Lock files, again (but this time w/ sdists!)

cemici · February 25, 2024, 12:13pm

I think this is mostly interesting as a data point for my earlier question: how come no existing tooling has found it necessary or worthwhile to implement file-level locking?

samypr100 · February 25, 2024, 2:39pm

This is probably an implementation specific question, but thought it might be worth asking to avoid ambiguity. From the proposal perspective, is there any special considerations for the tooling when a pylock.toml contained a yanked or deleted (or consequently re-uploaded with same version) entry from PyPI?

ofek · February 25, 2024, 4:32pm

I agree with Armin completely; as I said before please do not include these two keys.

This is pretty much the anti-goal. I think it’s fine for other tools to have their own formats for the snapshot-of-PyPI file type but the one described here with a focus on reproducibility simply does not exist and in the spirit of interoperability should be supported broadly. It’s even fine if it’s not a tool’s preferred/default format like how the Poetry maintainer said that they could provide support for installation but output would be through their separate export command.

With the knowledge of the use cases this proposal is trying to support, I’m curious why you think it would only be users of pip that would have such use cases.

pf_moore · February 25, 2024, 4:48pm

I’ll also say that pip won’t implement this unless it’s an approved standard. We have no interest in adding a new pip-specific feature for this.

ofek · February 25, 2024, 5:02pm

There is a significant amount of such tooling that gets implemented every year. You don’t see it because it happens at companies with private code bases who have security teams giving recommendations and enough money to pay engineers to build something that such teams would approve as a long-term vision.

groodt · February 25, 2024, 7:40pm

Does anyone know the best contact to invite commentary from pip-tools maintainers and whether they’ll support the format?

So far we’ve heard from:

pip
Hatch
poetry
uv

I think we’re still waiting on PDM as well?

groodt · February 25, 2024, 8:04pm

I’m not understanding this comment. There are tools in ecosystems that use archives to distribute packages (zip,bz2,tar.gz,etc)

conda-lock.yml
yarn.lock
Gemfile.lock
package-lock.json
pdm.lock
pip-tools does it as well, but using hashes in a requirements.txt file
etc

Languages that distribute packages as source such as golang and rust, typically lock the source repo and hashes. It’s not necessary to lock individual files in those scenarios because the repository and hashes represents the files.

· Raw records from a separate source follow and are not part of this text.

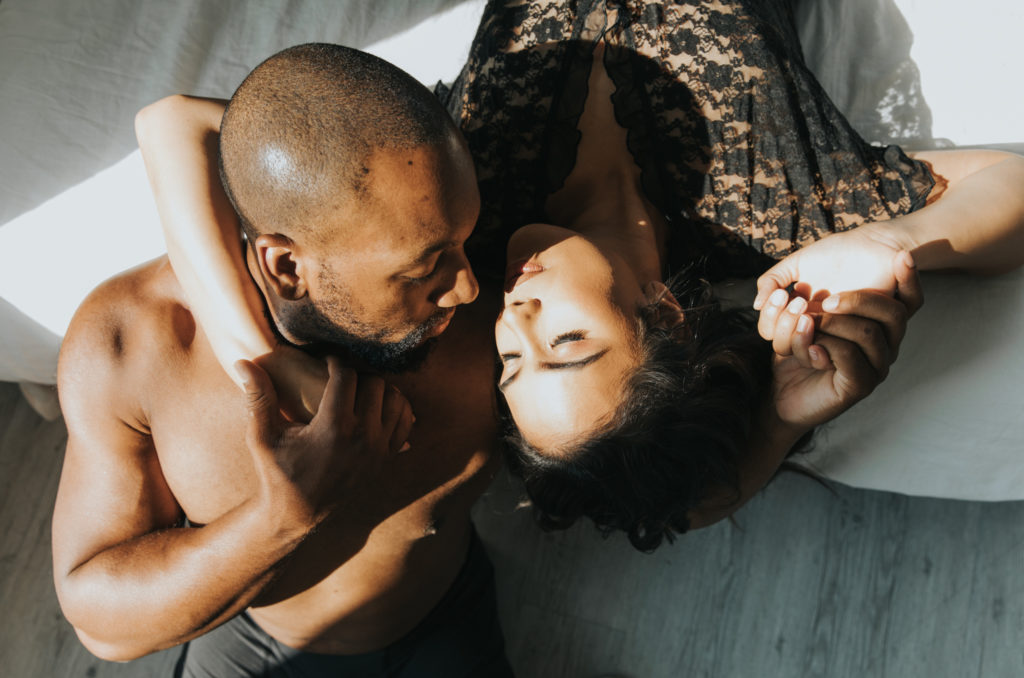 Couple laying on the floor in the sunlight during boudoir session. 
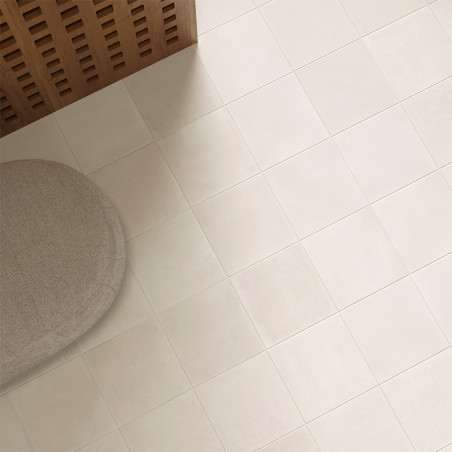 Ein hellbeiger Fliesenboden erstreckt sich über die gesamte Fläche. In einer Ecke neben einer Holzplatte steht ein runder Ottoma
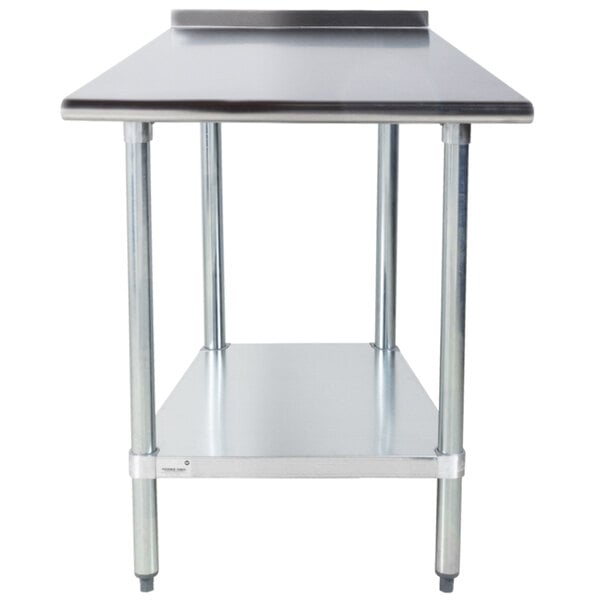 An Advance Tabco stainless steel work table with a shelf.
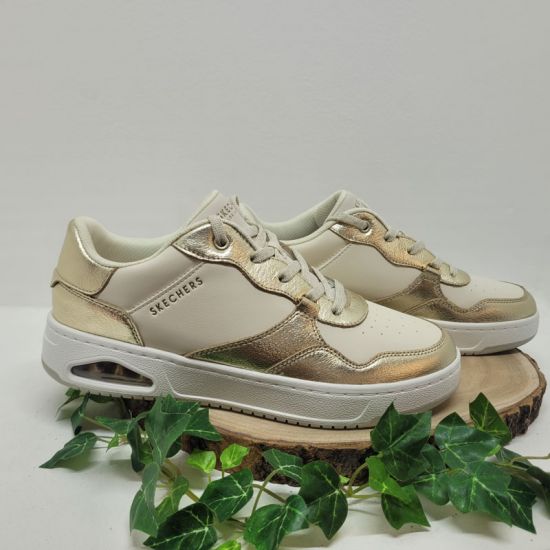 Basket blanche et contour champagne brillant Skechers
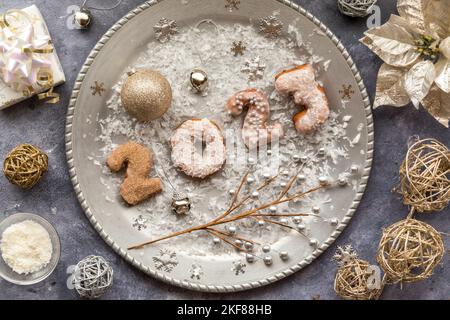 Eine silberne Platte mit 2023 gespritelten Donuts, umgeben von festlichen Dekorationen. Stockfoto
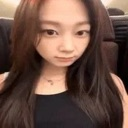 Young woman with long dark hair staring directly at the camera with a neutral, unimpressed expression.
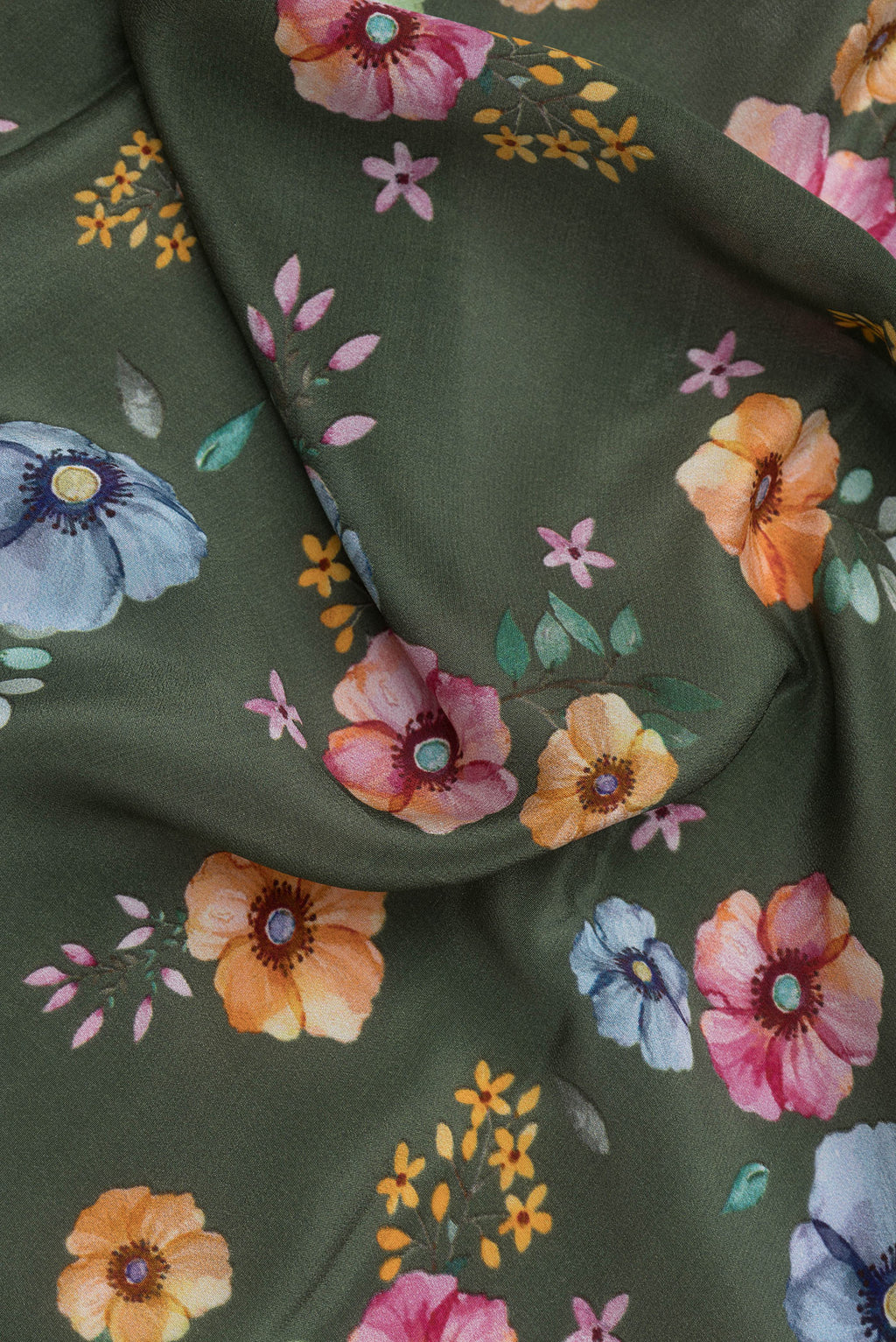 Close up of Olive Green Mysore Crepe Saree with Printed design on the body and Without Border.  displaying folds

I might be misunderstanding your comment. Is your comment referring to the poetry.lock and how it does not really lock to files? Or something else that I’m misunderstanding?

jeanas · February 25, 2024, 8:53pm

pip-tools → @webknjaz? PDM → @frostming?

mitsuhiko · February 25, 2024, 9:22pm

I believe it would be fine for a lock file to be eventually standardized. I however find it weird that the standard runs ahead of an actual implementation in this case. There are a lot of open questions, there are fundamental disagreements on the scope and purpose. All of this to me makes it odd to attempt to standardize it at the moment for the use of multiple tools.

ofek · February 25, 2024, 9:28pm

There isn’t even a PEP yet, this is just a preliminary discussion to gauge reception. From my perspective it’s been received well thus far and I would assume an official proposal would happen soon at which point everyone’s feedback will be addressed. Additionally, there will be an implementation because that is now a requirement for packaging PEPs.

It may not be well-known to folks unfamiliar with packaging proposals here but this is how the process goes.

cemici · February 25, 2024, 10:25pm

it has been a long thread, here is a link back to the comment that we are now discussing: Lock files, again (but this time w/ sdists!) - #61 by cemici

with respect to your list

I had in mind tooling in the python eco-system. Happy to agree that file-level locking might or might not be the norm in other parts of the world, but that does not tell us anything about why python tooling seems to have shown little interest in it
I think you are wrong, or perhaps misunderstand me, about pdm.lock and pip-tools. AIUI these both lock at the version-level and provide a list of hashes, installers may choose any of the corresponding files. This is not locking at the level of a single file
I confess that I do not know how conda works

frostming · February 26, 2024, 1:01am

Partially correct, this choice is intentional, because even if the source of the package is recorded, it may have to be changed due to network reasons during actual installation. In this case, this information becomes redundant.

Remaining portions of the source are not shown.